The November House

In a neighbourhood of tidy houses, perfect lawns and pruned bushes, the November House hunches, slouched on the corner. The bullying wind tosses leaves and plastic bags and sticks at her, and laughs. She does not respond. Her voice has faded to beyond a whisper these many long years.

A pink sign, hung on her doors. Not fit for habitation. By Authority. She hangs her head in shame. They came with boards and blinded her windows. It’s been dark inside her these many years, but now, no hope of a shaft of light. Day and night, all the same.

How long since she’s heard the sound of laughter, the yelling of children in the yard? How long since she’s seen a family gathered around a table, a Christmas tree in the corner, lit with coloured lights? How long since someone cleaned her walls, swept her floors, carried a baby to its crib in one of her rooms? Even in summer, while children laugh in other yards, and the sun lights the grass, it’s always November in this corner.

For many years, only one lived here. A poor soul, who cardboarded the windows and kept all her bags and boxes and garbage, piled it against the walls and in the car that never left the driveway. The hedges grew tall, a Sleeping Beauty fortress of vines and tangled branches.
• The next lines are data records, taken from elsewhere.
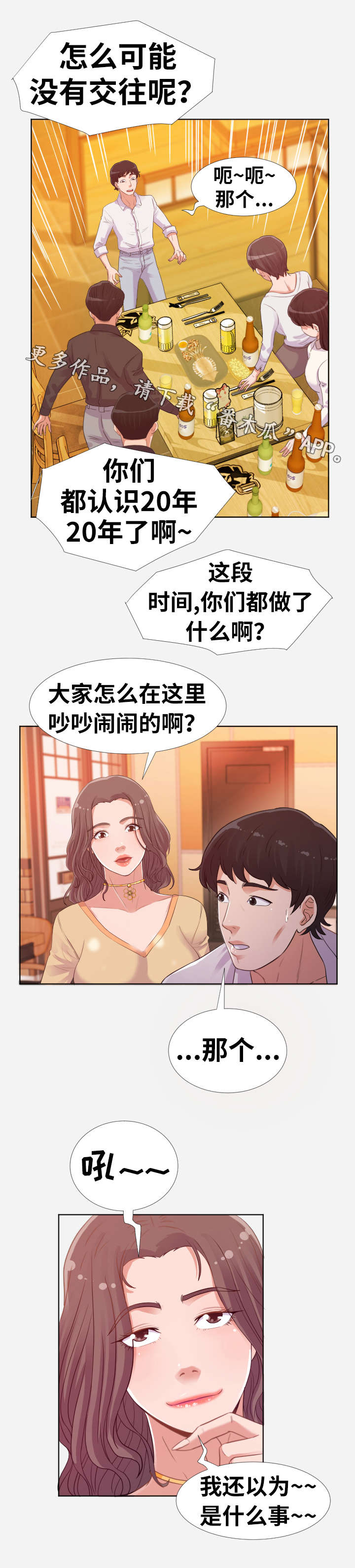 /template/pc/baozi/image/load.gif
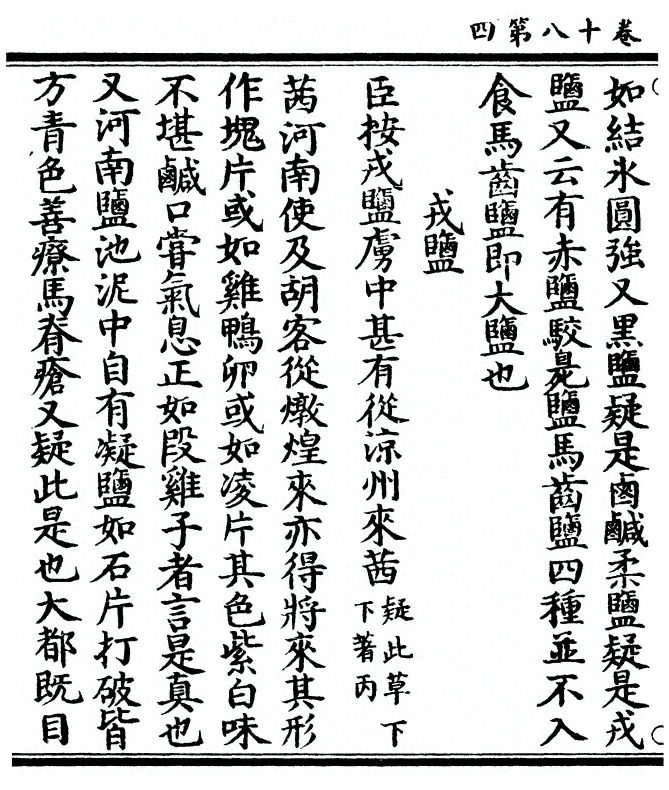 第 330 页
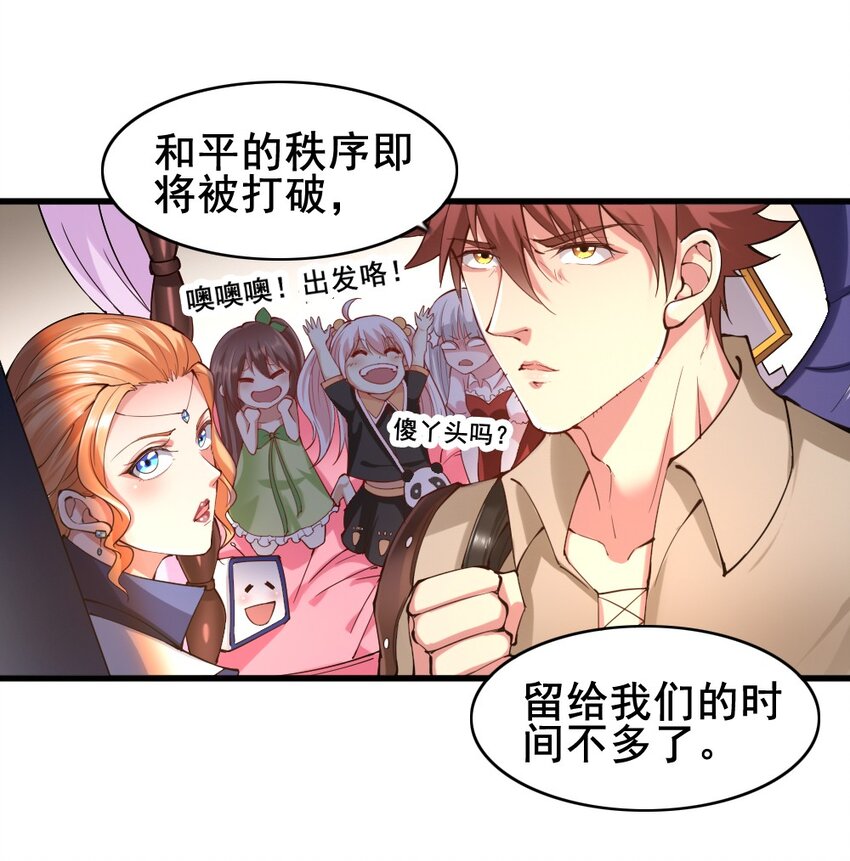 024 拂晓的残片14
A rusty clothesline with tattered wires, battered by the winds of years. No sun or wind has tousled freshly laundered sheets or rifled through a row of a child’s clean shirts. Her memory stirs, stumbles, falls silent.
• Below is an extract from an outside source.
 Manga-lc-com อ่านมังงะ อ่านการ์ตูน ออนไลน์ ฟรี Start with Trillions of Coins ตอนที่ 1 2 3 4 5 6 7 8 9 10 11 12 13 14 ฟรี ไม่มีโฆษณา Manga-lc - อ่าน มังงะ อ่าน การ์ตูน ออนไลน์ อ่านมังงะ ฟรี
Trees and bushes and perennials, planted in hope, by someone, long ago. Their branches tangle and break, the flowers are choked by weeds. Birds light, and don’t linger long. Leaves fall on layers of other years’ leaves. Wandering into the yard fills the soul with cemetery gloom. The November House is like a forgotten grave, untended, its identity fading away.

Quietly, she dies. Someone will buy her double lot, and the bulldozers will come. She will crumple to the ground. What to salvage? Some twisted metal and a pile of bricks. Something new built over her sad remains. If the trees are left standing, someone may hear something of her memory in the November winds.